=== Work task ===
From the records below, copy out exactly the lines from the one containing "Nové České Kasino" to the one containing "cooler enderman", both included. Add nothing else.

=== Provided records ===
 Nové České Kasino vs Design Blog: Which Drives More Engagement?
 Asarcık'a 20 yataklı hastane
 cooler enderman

---

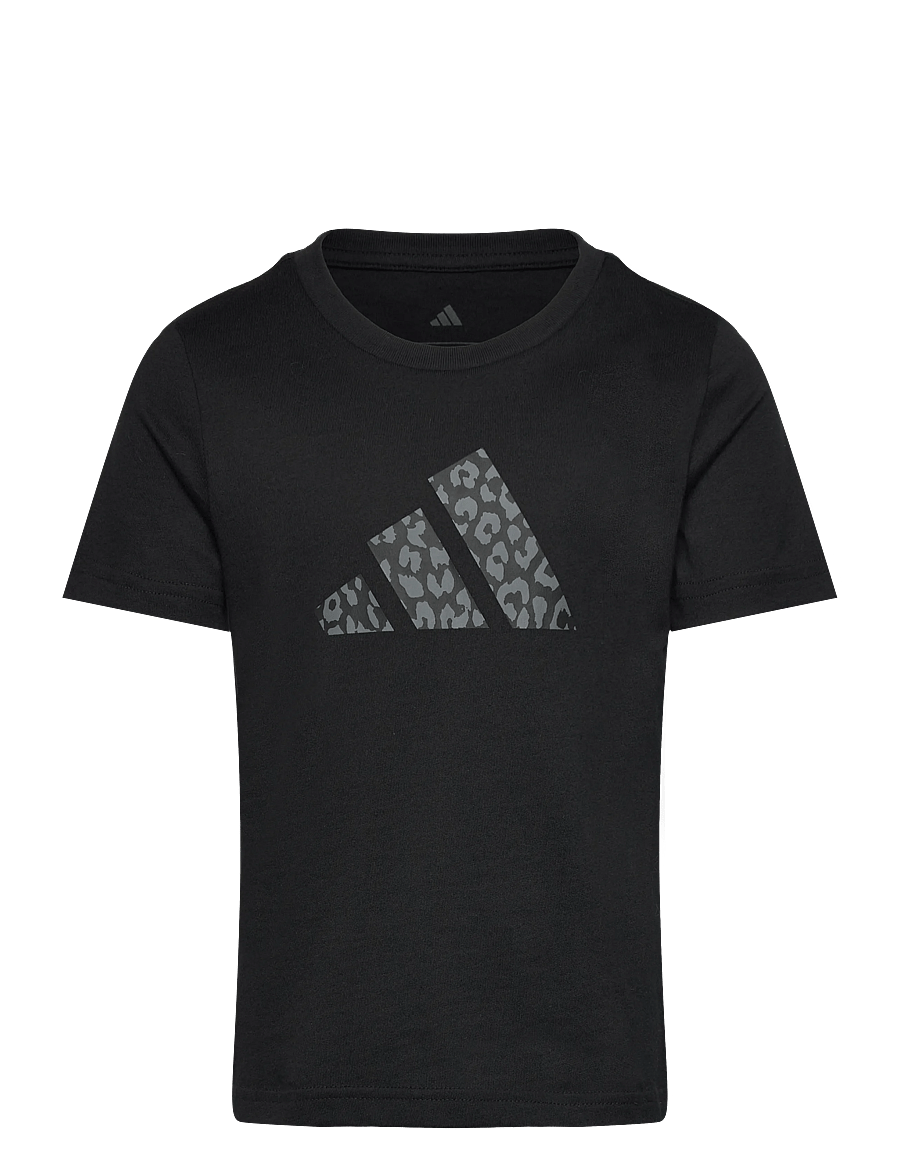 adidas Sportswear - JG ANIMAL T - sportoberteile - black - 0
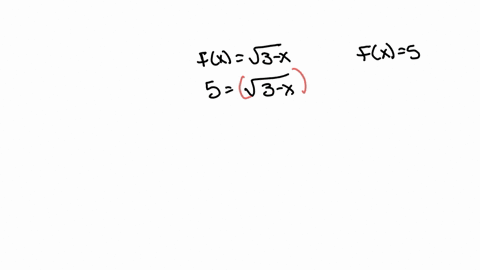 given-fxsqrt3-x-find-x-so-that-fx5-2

=== Answer space ===
 Nové České Kasino vs Design Blog: Which Drives More Engagement?
 Asarcık'a 20 yataklı hastane
 cooler enderman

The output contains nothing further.